Both the Hisense 75A7Q and the TCL 115C7K share the same 4K (3840 x 2160) resolution, 10-bit color depth, and full HDR format support — including HDR10+, Dolby Vision, and HLG — making them equally capable on paper when it comes to content compatibility. However, the panel technology diverges meaningfully: the TCL adds Mini-LED backlighting to its QLED LCD stack, which is the root cause of most of its measurable performance advantages over the Hisense's conventional LED-backlit QLED panel.
The most striking gaps are in brightness and contrast. The TCL delivers 3000 nits of typical brightness versus just 400 nits on the Hisense — a 7.5× difference that translates directly into far more impactful HDR highlights, better visibility in bright rooms, and a wider effective dynamic range in practice. Its contrast ratio of 7000:1 also nearly doubles the Hisense's 3800:1, meaning deeper blacks and more separation between shadow detail and bright areas. The TCL's 144Hz refresh rate versus the Hisense's 60Hz is another substantial gap, giving the TCL a major edge in motion clarity for sports, action films, and gaming. On the flip side, the Hisense's smaller 75″ panel yields a pixel density of 59 ppi compared to the TCL's 38 ppi at 114.5″ — meaning individual pixels are more tightly packed and the image will appear sharper at normal viewing distances on the Hisense.

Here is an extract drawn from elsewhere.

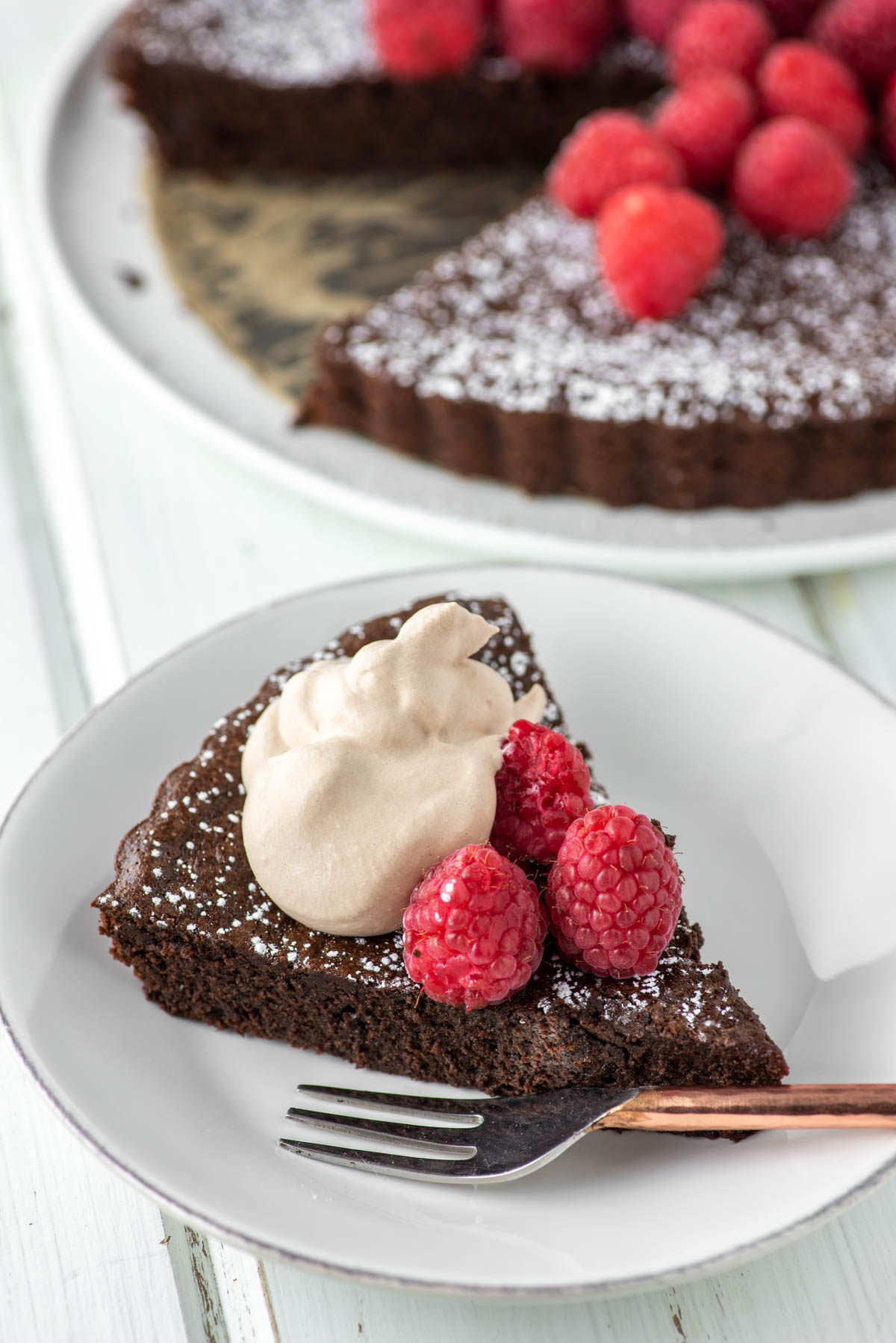 slice of flourless chocolate cake with raspberries and whipped cream on white plate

The TCL 115C7K holds a clear display advantage across the most impactful metrics: brightness, contrast, and refresh rate — all driven by its Mini-LED architecture. The Hisense 75A7Q's higher pixel density is a real benefit, but it becomes less relevant at the typical viewing distances a 75″ set implies. For most users prioritizing HDR performance and motion handling, the TCL's panel is the stronger choice; the Hisense is more competitive only if screen size, viewing distance, and image sharpness per inch are the primary concerns.